- [TASK DESCRIPTION]:
Return all entries below exactly. Skip nothing.

(DATA FOR THE TASK Opens)

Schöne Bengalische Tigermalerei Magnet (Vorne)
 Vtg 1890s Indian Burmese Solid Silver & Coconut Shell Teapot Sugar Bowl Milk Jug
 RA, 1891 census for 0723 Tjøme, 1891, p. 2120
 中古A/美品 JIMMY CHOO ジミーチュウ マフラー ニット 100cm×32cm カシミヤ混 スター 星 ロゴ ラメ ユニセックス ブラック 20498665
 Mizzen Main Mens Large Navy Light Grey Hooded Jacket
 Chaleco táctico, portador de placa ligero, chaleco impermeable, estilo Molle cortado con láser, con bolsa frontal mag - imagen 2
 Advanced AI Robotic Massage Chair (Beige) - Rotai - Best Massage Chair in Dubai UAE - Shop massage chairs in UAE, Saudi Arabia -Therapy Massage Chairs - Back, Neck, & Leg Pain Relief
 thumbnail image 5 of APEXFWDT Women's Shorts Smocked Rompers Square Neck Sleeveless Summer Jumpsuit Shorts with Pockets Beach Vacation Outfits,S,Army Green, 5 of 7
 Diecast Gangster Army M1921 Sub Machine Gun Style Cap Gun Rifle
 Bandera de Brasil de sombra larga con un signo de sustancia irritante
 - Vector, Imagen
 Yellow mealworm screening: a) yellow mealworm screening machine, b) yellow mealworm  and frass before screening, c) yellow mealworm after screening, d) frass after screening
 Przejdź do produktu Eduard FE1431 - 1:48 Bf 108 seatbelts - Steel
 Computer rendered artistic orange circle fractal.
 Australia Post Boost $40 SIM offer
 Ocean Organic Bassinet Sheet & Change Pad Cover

(DATA FOR THE TASK Closes)

- [OUTPUT FOR THIS EXERCISE]:
Schöne Bengalische Tigermalerei Magnet (Vorne)
 Vtg 1890s Indian Burmese Solid Silver & Coconut Shell Teapot Sugar Bowl Milk Jug
 RA, 1891 census for 0723 Tjøme, 1891, p. 2120
 中古A/美品 JIMMY CHOO ジミーチュウ マフラー ニット 100cm×32cm カシミヤ混 スター 星 ロゴ ラメ ユニセックス ブラック 20498665
 Mizzen Main Mens Large Navy Light Grey Hooded Jacket
 Chaleco táctico, portador de placa ligero, chaleco impermeable, estilo Molle cortado con láser, con bolsa frontal mag - imagen 2
 Advanced AI Robotic Massage Chair (Beige) - Rotai - Best Massage Chair in Dubai UAE - Shop massage chairs in UAE, Saudi Arabia -Therapy Massage Chairs - Back, Neck, & Leg Pain Relief
 thumbnail image 5 of APEXFWDT Women's Shorts Smocked Rompers Square Neck Sleeveless Summer Jumpsuit Shorts with Pockets Beach Vacation Outfits,S,Army Green, 5 of 7
 Diecast Gangster Army M1921 Sub Machine Gun Style Cap Gun Rifle
 Bandera de Brasil de sombra larga con un signo de sustancia irritante
 - Vector, Imagen
 Yellow mealworm screening: a) yellow mealworm screening machine, b) yellow mealworm  and frass before screening, c) yellow mealworm after screening, d) frass after screening
 Przejdź do produktu Eduard FE1431 - 1:48 Bf 108 seatbelts - Steel
 Computer rendered artistic orange circle fractal.
 Australia Post Boost $40 SIM offer
 Ocean Organic Bassinet Sheet & Change Pad Cover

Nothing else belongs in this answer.